20. Notice how he begins — “I counsel you to buy.” Is that not very good advice indeed? Just now he said that they were “wretched” and “poor.” How can they buy? Surely it suggests to us at once those blessed free grace terms which are only to be found in the market of divine love: “Yes, come, buy wine and milk without money and without price.” The merchants of Vanity Fair have great difficulty to bring people up to their price, but the Lord Jesus Christ’s difficulty is to bring people down to his, and so he begins by counselling the poor to come and buy on such terms as this: “Without money and without price.” But why is it called buying? If you have nothing to give, why does he not say, “Come and take it?” No, it is buying, because God would have us make a business of it. If any of you have backslidden, and yet dream that you have not declined; if there creeps over you now the cold thought that perhaps it is so; then rouse yourselves and make a business of recovery. Come to Christ and buy; not merely act the beggar’s part, but come and act the purchaser’s part, with thoughtfulness, with desire, with judgment. Come now, and give an estimate; do as you would if you were buying a valuable article. Estimate the value of Christ and see how richly he is worth having. In a purchase, there is consent on both sides: the one consents to sell, and the other to receive by purchase; hence the word “buy” is used, for God does not force the gifts of his grace upon any man, but he first teaches him his need for those gifts, and then he tells him come and buy, though it is without price, by exercising thought, making an estimate, having a strong desire, being willing to give anything if he had anything to give, and then taking the blessing with joyful willingness. Christ gives them counsel to buy.

21. But next, what does he say? “I counsel you to buy from me.” Ah, they had been dealing with each other: they had been haggling and bartering among themselves. One brother had brought this talent and another brother another talent, and they had grown rich, as they thought, by a mutual commerce. “Now,” says Christ, “compare yourselves with yourselves no longer: give up seeking from man, and buy from me.” It is the very foundation of grace, — to be willing to buy from Christ. Do you have a religion which you received from me? It is not worth a cent. Do you possess a religion which you received from your mother, and father, and Sunday School teacher, and neighbours, and friends? It is worthless. All true grace must be bought from Christ on free grace terms: “I counsel you to buy from me.” Do you not know that Jesus is a great monopolist? No one else has anything to sell of this kind. The articles he speaks of are entire monopolies in his hands: no one else can sell you the gold tried by fire, or white clothing so that you may be clothed, or eyesalve that you may see; but the whole stock of grace is vested in the person and offices of Jesus Christ, and therefore he says, “I counsel you to buy from me.” Do you wear a spiritual vesture which you bought elsewhere? Do you use an eyesalve which you purchased from another physician? Do you hoard up gold which you procured from some pretended goldsmith? Throw the imaginary valuables away; for there is no genuine article in the market except what comes from the Lord Jesus Christ, and from him alone. “I counsel you to buy from me.” Oh, that every Christian here would lay hold upon this advice, and say, “I will go and buy from Christ again.” Have I been living on past experience? Have I been living on a profession which I have maintained these last twenty years? I will do so no longer: I will buy from Jesus anew: I will get my manna fresh from heaven: I will seek all my provision day by day from the person of my blessed Lord and Master, for he counsels me to buy from him.

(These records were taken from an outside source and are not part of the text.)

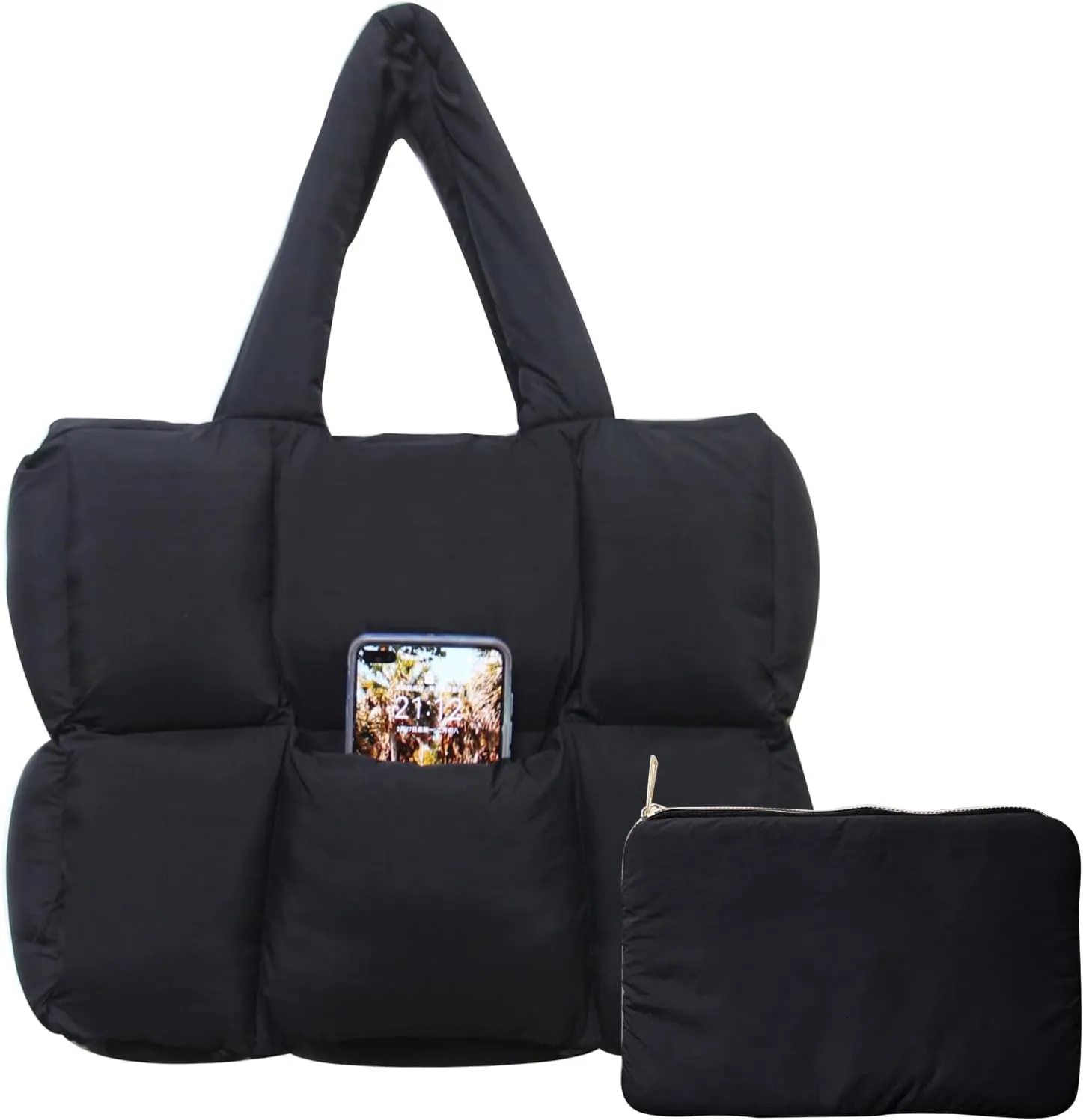 NAARIIAN Puffer Tote Bag for Women, Lightweight Quilted Puffy Shoulder Handbag with Adjustable Shoulder Strap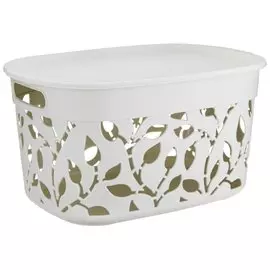 Ящик хозяйственный для хранения, 12 л, 37.5х26.5х20.5 см, с крышкой, белый ротанг, Idea, Флора, М 2363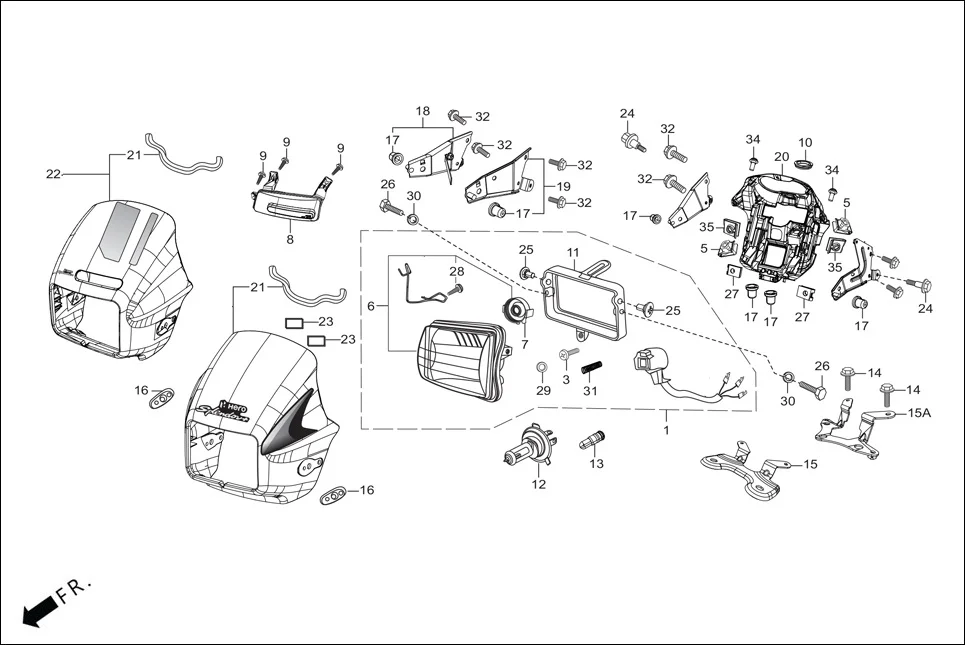 F-1-TECHNO HEADLIGHT/FR. VISOR assembly diagram for Hero Splendor Plus(Jan, 2023)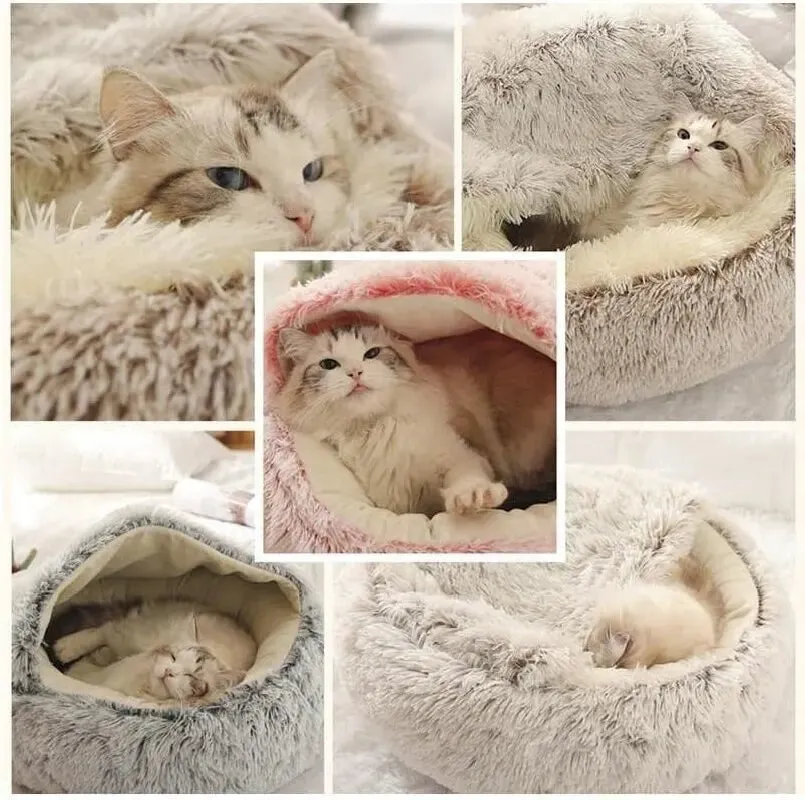 Soft Plush Round Pet Bed – 2-in-1 Sleeping Nest for Small Dogs & Cats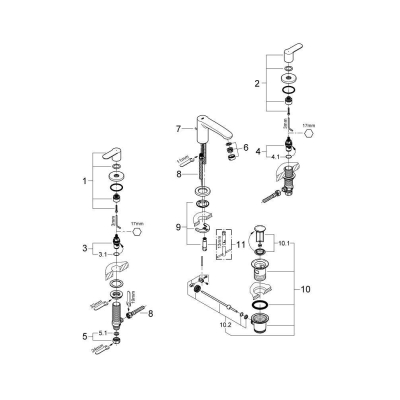 Смеситель для раковины GROHE Eurostyle Cosmopolitan 20208002. Фото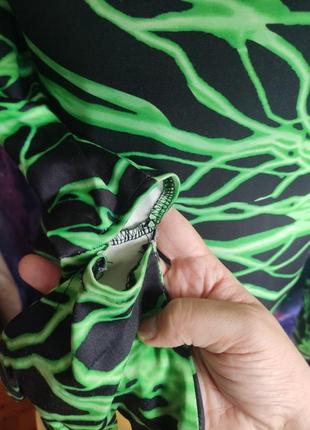 Крутая неформальная эмо рейв панк платье с перчатками молниями разводы7 фото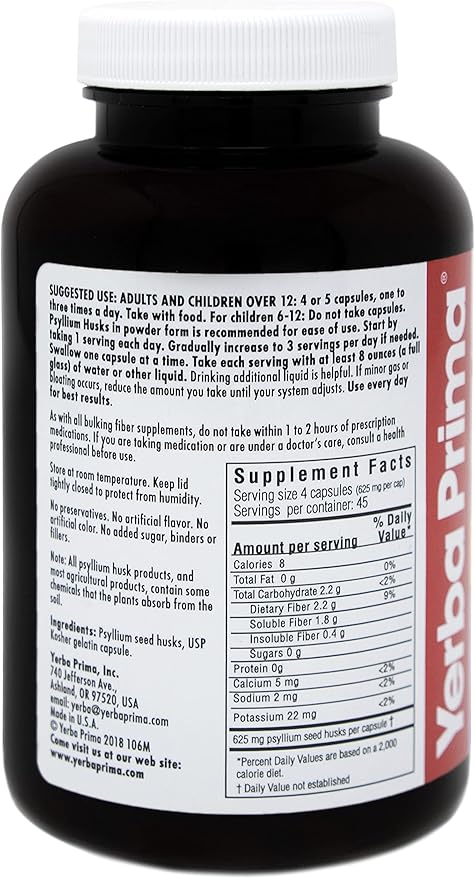 Yerba Prima Psyllium Husks Caps Dietary Fiber 625 mg, 180 Capsules - Colon Cleansing Supplement - Gut Health - Non-GMO Gluten Free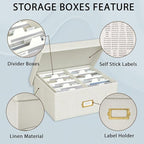 Decorative Photo Storage Box - 2 Pack Linen Photo Box Organizer with Dividers, Fits Holds Up to 1700 Pictures and 4x6 Photos, Memory Keepsake Organizer for Scrapbook Supplies, Cards, Stamps (Beige)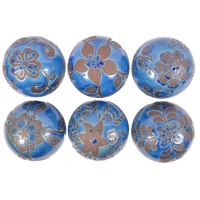 3pce 10cm Light Blue Designer Glazed Cermanic Deco Ball with design (3 chosed at random)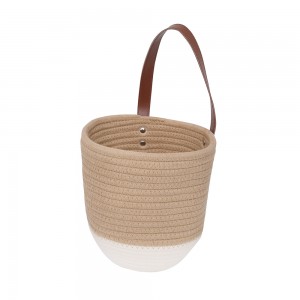 OEM Supply China Living Room Woven Cotton Rope Storage Basket Woven Organizer for Toys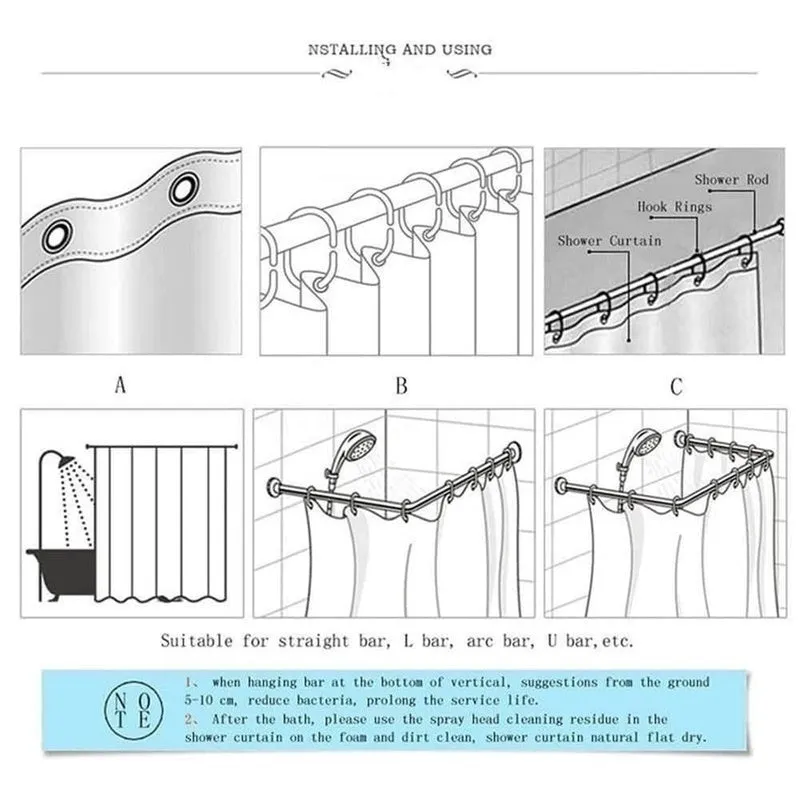 Bathroom Shower Curtain Set Toilet Seat Bath Mats and Rugs Non-slip Carpet Toilet Covers Waterproof Bath Curtain with 12 Hooks Home Decor Bathroom mask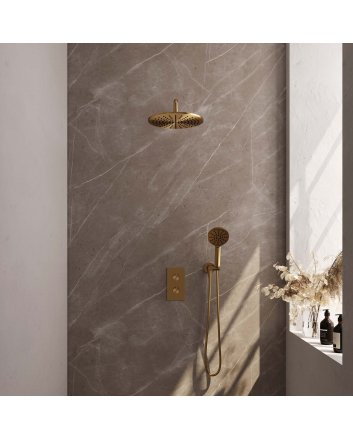 BRAUER Gold Edition thermostatische inbouw regendouche 3-weg omstelling SET 34 met 30 cm douchekop en gebogen muurarm en 3-standen handdouche en doucheslang en wandaansluitbocht goud geborsteld PVD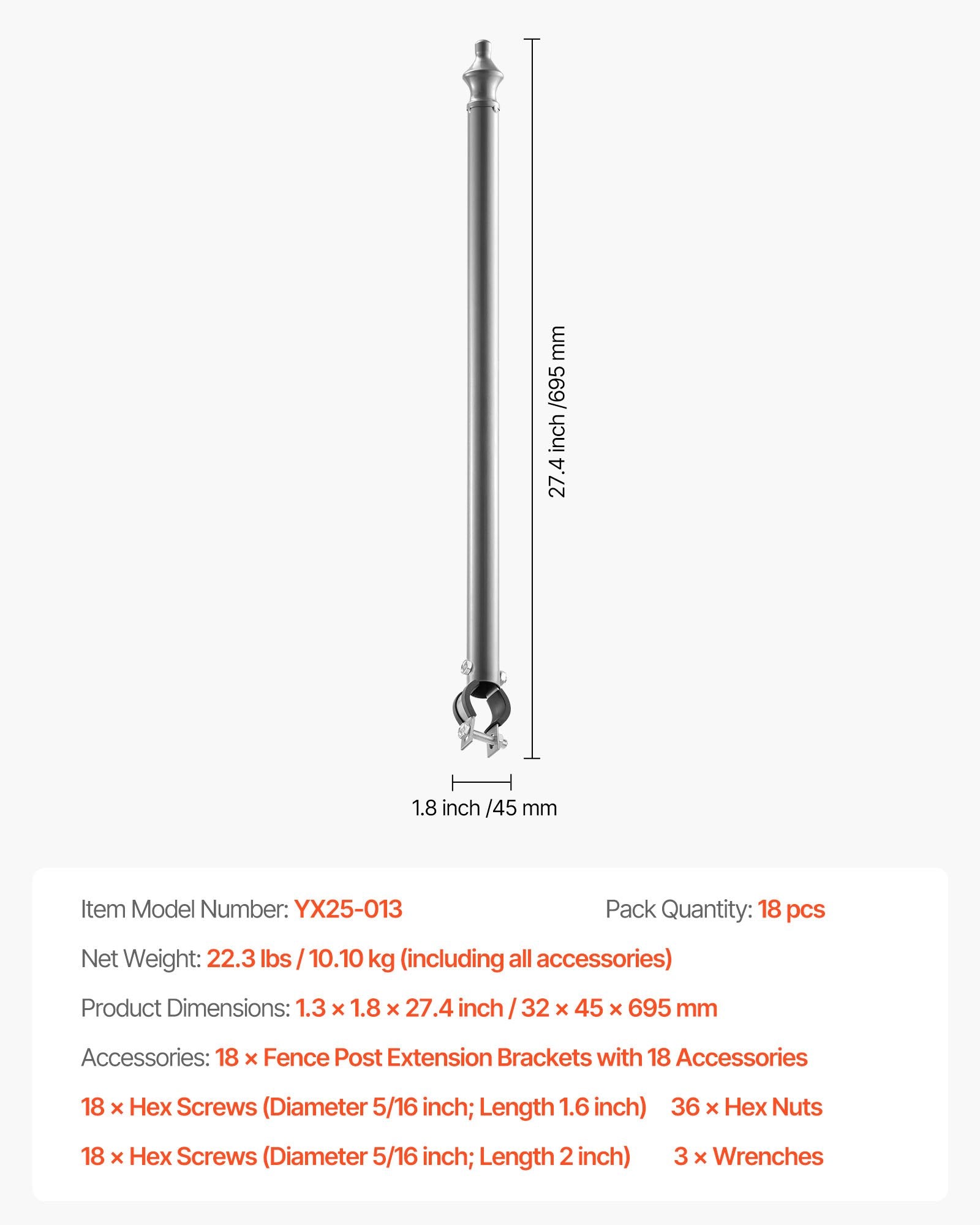Tvoros aukštinimo elementai VEVOR YX25-013, 695 mm aukščio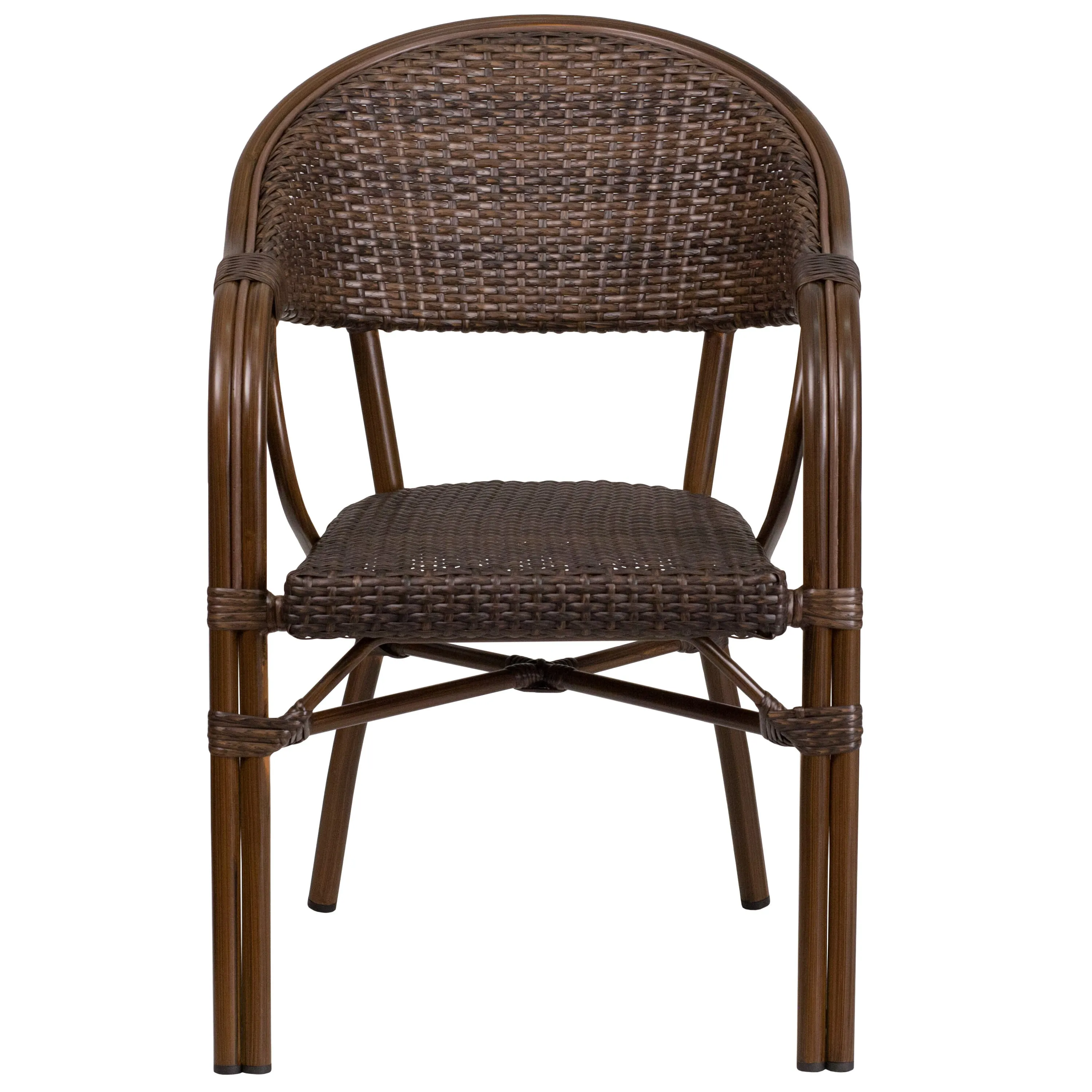 Milano Series Rattan Restaurant Patio Chair with Bamboo-Aluminum Frame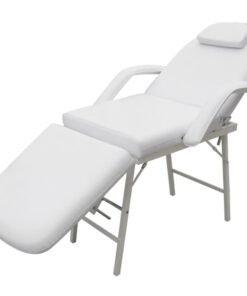 vidaXL Portable Facial Treatment Chair Faux Leather 185x78x76 cm White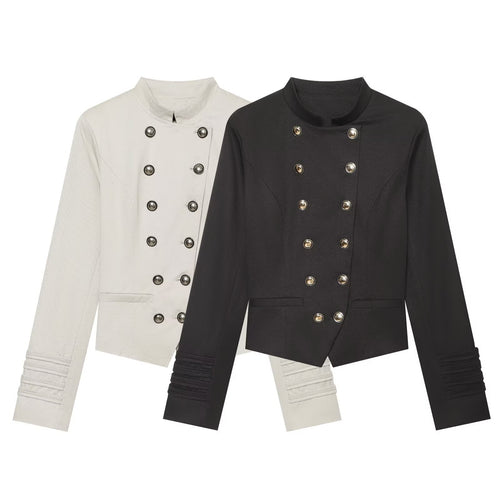 Damen Taillierter kurzblazer im Matrosen‑Military‑Stil mit Stehkragen und dekorativen Zierknöpfen Shop Nory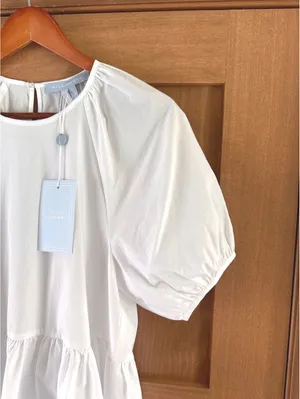 NWT Hill House Home The Francesca Peplum Top in White Cotton Women’s XS thumbnail 4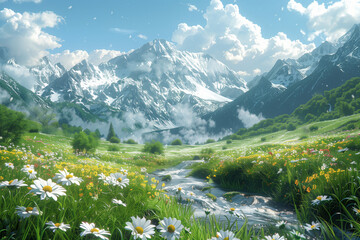 alpine meadow in the mountains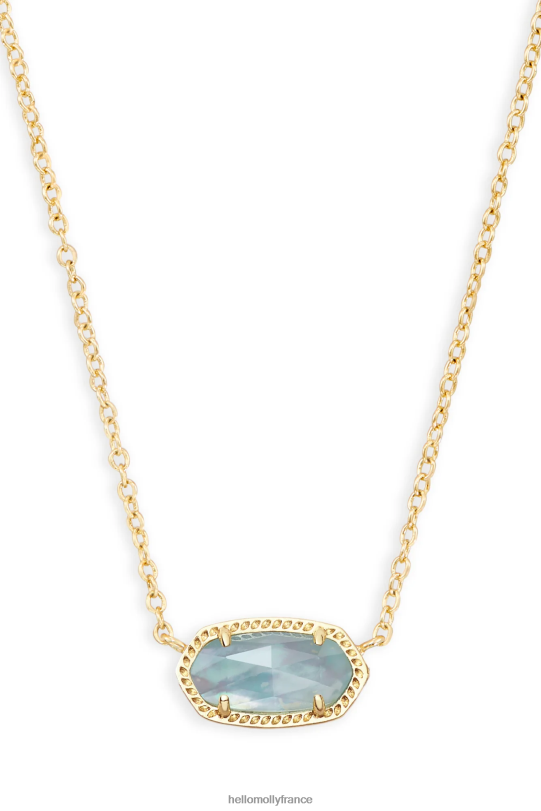 Hello Molly Kendra Scott Elisa collier pendentif court or illusion bleu clair accessoires 40222H10083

22. Now see the goods which he describes. “I counsel you to buy from me” — what? Everything. It is true that only three needs of these people are mentioned here, but they are inclusive of all needs. First, the Lord says, “Buy gold.” The man who can buy gold has bought everything, for money answers all things. He who has gold has the medium with which he can procure whatever he needs. In Christ there is a fulness of all good things, and in the gold of his grace there is an adaptation for every need. You cannot have a need, nor even think of a need which is a real one, but the grace of God, which is like fine gold, will be sure to meet it. Your free will, your unaided efforts, your wisdom, your knowledge, your strength, — all this you can get something for in such and such a market; but in God’s market there is no accepted currency except this precious gold, and if you get the gold of grace, then you can get whatever your soul needs. “I counsel you,” he says “to buy gold from me.”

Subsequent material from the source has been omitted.